What Zhou Enlai offered prior to the1962 conflict was acceptance of the McMahon Line in the east in return for India’s acceptance of the McCartney-MacDonald Line. This was a proposal that many believe Prime Minister Nehru would have been well advised to accept. Chinese claims were, however, refuted. India was drawn into a conflict for which the country was ill-prepared militarily and psychologically, thanks to the earlier “ Hindi Chini-Bhai Bhai” sloganeering.

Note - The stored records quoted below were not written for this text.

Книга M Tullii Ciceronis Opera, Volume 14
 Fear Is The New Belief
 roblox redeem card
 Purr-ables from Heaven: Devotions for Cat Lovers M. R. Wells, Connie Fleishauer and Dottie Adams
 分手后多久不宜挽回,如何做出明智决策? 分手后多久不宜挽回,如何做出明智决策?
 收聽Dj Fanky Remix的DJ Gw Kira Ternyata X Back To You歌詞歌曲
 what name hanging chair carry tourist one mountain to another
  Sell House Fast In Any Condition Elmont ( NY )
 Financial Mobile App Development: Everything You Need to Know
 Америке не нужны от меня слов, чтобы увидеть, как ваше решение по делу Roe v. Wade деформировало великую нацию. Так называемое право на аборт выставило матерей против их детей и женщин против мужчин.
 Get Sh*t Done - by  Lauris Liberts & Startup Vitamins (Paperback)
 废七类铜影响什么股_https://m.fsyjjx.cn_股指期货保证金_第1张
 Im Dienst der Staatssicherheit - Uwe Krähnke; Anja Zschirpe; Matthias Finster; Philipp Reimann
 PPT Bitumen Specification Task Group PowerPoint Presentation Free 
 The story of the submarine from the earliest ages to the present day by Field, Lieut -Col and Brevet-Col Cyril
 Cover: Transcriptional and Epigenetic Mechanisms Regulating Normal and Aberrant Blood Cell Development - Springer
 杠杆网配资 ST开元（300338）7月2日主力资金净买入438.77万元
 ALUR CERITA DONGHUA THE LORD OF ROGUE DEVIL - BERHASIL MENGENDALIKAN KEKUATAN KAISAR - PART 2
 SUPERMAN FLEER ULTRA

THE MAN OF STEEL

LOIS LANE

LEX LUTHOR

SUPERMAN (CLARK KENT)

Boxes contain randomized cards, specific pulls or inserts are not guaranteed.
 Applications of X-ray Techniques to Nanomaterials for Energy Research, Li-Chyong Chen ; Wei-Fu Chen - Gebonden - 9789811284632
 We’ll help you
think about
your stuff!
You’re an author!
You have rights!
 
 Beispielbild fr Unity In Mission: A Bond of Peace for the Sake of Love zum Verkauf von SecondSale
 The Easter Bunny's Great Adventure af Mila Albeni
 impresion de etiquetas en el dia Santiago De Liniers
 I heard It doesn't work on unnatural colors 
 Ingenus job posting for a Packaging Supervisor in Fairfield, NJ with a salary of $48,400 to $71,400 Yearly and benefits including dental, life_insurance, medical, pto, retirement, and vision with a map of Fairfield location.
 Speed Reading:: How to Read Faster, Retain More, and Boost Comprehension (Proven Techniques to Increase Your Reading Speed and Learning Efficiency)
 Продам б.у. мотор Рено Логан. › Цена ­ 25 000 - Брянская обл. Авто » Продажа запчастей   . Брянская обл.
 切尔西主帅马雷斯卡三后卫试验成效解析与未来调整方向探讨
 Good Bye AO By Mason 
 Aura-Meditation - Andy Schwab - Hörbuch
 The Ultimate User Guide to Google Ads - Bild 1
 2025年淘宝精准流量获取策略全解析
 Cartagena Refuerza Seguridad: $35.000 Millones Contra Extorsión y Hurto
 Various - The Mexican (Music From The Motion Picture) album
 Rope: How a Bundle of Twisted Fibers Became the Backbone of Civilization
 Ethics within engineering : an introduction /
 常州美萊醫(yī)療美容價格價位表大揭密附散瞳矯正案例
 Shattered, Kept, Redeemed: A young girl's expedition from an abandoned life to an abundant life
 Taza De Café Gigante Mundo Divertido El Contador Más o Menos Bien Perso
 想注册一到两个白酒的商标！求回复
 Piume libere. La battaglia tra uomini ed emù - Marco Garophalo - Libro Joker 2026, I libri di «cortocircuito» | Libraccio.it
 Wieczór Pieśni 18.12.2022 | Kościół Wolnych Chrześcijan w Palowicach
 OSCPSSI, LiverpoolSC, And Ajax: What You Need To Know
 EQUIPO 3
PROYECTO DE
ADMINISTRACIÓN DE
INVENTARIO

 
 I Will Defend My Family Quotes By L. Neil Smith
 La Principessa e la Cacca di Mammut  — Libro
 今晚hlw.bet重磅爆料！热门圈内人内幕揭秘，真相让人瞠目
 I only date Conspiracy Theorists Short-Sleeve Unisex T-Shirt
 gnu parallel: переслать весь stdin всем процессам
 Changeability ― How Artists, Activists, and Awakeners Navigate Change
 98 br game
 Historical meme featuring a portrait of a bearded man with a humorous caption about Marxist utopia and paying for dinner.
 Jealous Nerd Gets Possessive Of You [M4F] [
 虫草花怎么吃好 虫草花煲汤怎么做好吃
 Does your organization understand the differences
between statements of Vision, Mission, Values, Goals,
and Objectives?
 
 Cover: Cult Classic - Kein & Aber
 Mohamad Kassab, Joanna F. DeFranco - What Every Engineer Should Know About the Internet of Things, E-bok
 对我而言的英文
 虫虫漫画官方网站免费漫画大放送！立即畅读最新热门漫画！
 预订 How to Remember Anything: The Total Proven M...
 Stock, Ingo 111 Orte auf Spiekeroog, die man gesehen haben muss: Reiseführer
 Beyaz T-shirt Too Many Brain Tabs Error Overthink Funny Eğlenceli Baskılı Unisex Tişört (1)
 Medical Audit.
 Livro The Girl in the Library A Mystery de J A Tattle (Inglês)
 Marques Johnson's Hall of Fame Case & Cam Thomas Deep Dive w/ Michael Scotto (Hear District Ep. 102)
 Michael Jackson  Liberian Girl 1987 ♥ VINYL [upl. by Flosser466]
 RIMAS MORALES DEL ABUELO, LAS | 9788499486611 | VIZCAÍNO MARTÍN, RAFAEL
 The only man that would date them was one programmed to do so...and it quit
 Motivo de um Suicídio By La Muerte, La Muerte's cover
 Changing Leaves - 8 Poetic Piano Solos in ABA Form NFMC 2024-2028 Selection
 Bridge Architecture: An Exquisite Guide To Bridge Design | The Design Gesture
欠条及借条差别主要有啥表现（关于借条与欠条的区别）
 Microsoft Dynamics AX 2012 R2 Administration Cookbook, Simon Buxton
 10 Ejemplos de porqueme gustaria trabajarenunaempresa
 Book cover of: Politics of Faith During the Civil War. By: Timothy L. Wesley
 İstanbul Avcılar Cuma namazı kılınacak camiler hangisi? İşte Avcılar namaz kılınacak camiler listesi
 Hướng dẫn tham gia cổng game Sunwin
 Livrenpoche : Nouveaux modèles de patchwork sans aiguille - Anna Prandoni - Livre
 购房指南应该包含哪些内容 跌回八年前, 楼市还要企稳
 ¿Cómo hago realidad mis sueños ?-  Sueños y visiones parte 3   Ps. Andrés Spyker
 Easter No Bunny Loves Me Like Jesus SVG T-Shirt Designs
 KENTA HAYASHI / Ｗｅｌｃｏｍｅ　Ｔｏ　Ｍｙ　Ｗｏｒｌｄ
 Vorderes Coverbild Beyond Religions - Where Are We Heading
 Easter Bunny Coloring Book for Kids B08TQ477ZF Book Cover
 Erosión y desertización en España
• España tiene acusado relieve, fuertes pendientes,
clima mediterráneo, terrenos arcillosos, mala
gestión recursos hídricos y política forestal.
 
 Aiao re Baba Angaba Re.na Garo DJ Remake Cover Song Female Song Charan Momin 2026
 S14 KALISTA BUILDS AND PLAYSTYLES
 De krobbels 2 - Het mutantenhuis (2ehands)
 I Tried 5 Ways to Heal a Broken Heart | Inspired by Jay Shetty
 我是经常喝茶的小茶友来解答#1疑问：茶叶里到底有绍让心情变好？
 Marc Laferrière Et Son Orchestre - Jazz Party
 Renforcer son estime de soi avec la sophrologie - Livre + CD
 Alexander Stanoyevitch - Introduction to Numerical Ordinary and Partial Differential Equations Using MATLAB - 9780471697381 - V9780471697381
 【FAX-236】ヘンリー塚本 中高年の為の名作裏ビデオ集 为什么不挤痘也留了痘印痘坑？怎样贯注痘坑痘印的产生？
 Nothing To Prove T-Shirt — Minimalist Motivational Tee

China now believes that the military, economic and technological asymmetry between it and India is so great that it need not pay even lip service, or adhere to Zhou Enlai’s proposals, which were reiterated by Deng Xiaopingin 1979. China now expects India to make serious territorial concessions in Arunachal Pradesh (at the very least handing over Tawang and some other strategic areas) in return for anything closely corresponding to the 1899 proposals in the Ladakh sector. It is for this reason that Beijing has refused to even spell out the positions where the ‘Line of Actual Control’ arising from the 1962 conflict lie. One can expect no change in this position in the foreseeable future.

Bolstering India’s case

The main reference points that India can use to bolster its case lie in the very well negotiated April 2005 agreement on the “Political Parameters and Guiding Principles for Settlement of the India-China Boundary Question”. Article VI of the agreement states that the boundary should be “along well-defined and easily identifiable natural geographical features, to be mutually agreed upon between the two sides”. Article VII states: “In reaching a boundary settlement, the two sides shall safeguard due interests of their settled populations in the border areas.” Both these articles render Chinese claims on Tawang and areas on the Indian side of the McMahon Line in Arunachal Pradesh largely untenable. But China is not going to be influenced by words alone. The border dialogue between the two countries thus has to be focused on strengthening confidence-building measures to maintain peace along the borders. But we should never forget that the Chinese are supreme realists and will not hesitate to use military power when expedient. New Delhi has been steadily reducing the share of its defence budget. It now is barely 1.6 per cent of GDP. Is India doing enough to ensure that China cannot prevail in any standoff along our borders? This needs much greater attention from our parliamentarians.

It would be foolish to cut our noses to spite our faces by discouraging trade and investment ties with China. However, we should have no doubt that in its quest for hegemony in Asia, China will give no diplomatic space to countries like Japan, India and Vietnam to enhance their economic influence. This is reason enough for us to avoid seeking membership of the Chinese-dominated Regional Comprehensive Economic Partnership. China’s recent unprecedented abstention in the UN Security Council in the face of an American diplomatic onslaught on Russia on developments in Syria, shows that Beijing can dump even major allies when it suits its interests. Dealing with a hegemonic China is going to require considerable courage, skill and attention.